Carlos H. Calderón-Franco, Departamento de Medicina Interna, Clínica de anticoagulación, Hospital Santa Clara, Bogotá, Colombia
Florina A. Rincón-Llaín, Departamento de Medicina Interna, Clínica de anticoagulación, Hospital Santa Clara, Bogotá, Colombia
Andrés F. Bastidas-Pinto, Departamento de Medicina Interna, Clínica de anticoagulación, Hospital Santa Clara, Bogotá, Colombia
Daniela A. Gómez-Mahecha, Departamento de Medicina Interna, Clínica de anticoagulación, Hospital Santa Clara, Bogotá, Colombia
Óscar A. Sáenz-Morales, Departamento de Medicina Interna, Clínica de anticoagulación, Hospital Santa Clara, Bogotá, Colombia
Miller D. Ruiz-Pinzón, Departamento de Medicina Interna, Clínica de anticoagulación, Hospital Santa Clara, Bogotá, Colombia
Juan P. Sáenz, Departamento de Medicina Interna, Clínica de anticoagulación, Hospital Santa Clara, Bogotá, Colombia
Osmar A. Pérez-Serrano, Departamento de Cardiología, Fundación Cínica Shaio, Grupo de Falla Cardíaca, Bogotá, Colombia
Introduction: Anticoagulation clinics have been implemented to optimize anticoagulant therapy and reduce hemorrhagic and thrombotic complications. Objective: To describe the sociodemographic and clinical characteristics of patients followed in an anticoagulation clinic in Bogotá, Colombia, and to identify factors associated with anticoagulation-related complications. Methods: It was conducted a retrospective observational analytical cohort study in ambulatory patients followed for up to three years.

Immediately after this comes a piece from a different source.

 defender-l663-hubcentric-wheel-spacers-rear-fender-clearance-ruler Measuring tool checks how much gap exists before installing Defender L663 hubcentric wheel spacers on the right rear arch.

Sociodemographic, clinical variables and indications for anticoagulation were collected. Univariate and multivariate logistic regression models were used to estimate odds ratios (OR) with 95% confidence intervals (95% CI). Survival analysis was performed according to the type of anticoagulant (warfarin vs direct oral anticoagulants [DOAC]). Results: A total of 595 patients were included; 53.7% were women, with a mean age of 62 ± 14.1 years. Warfarin was prescribed in 40%, rivaroxaban in 19%, low-molecular-weight heparins in 12.9%, and apixaban in 11.7%. The main indications were atrial fibrillation (47.1%), hypercoagulable disorders (15.1%), intracardiac thrombus (15.9%), arterial thrombosis (9.9%), and venous thromboembolism (11.1%). Factors independently associated with complications were a history of thromboembolic events (OR: 11.3; 95% CI: 2.8-44.6) and a HAS-BLED score > 2 (OR: 6.9; 95% CI: 1.01-47.9). Event-free survival was lower with warfarin (0.87 per 1,000 person-years) compared with DOAC (0.97 per 1,000 person-years). Conclusions: Management within an anticoagulation clinic is associated with a favorable safety profile, with higher event-free survival among patients treated with DOAC. A prior history of thromboembolism and elevated HAS-BLED identify high-risk subgroups requiring closer follow-up.
Keywords: Anticoagulation clinic. Complications. Warfarin. Atrial fibrillation. Thromboembolic events. Direct oral anticoagulants.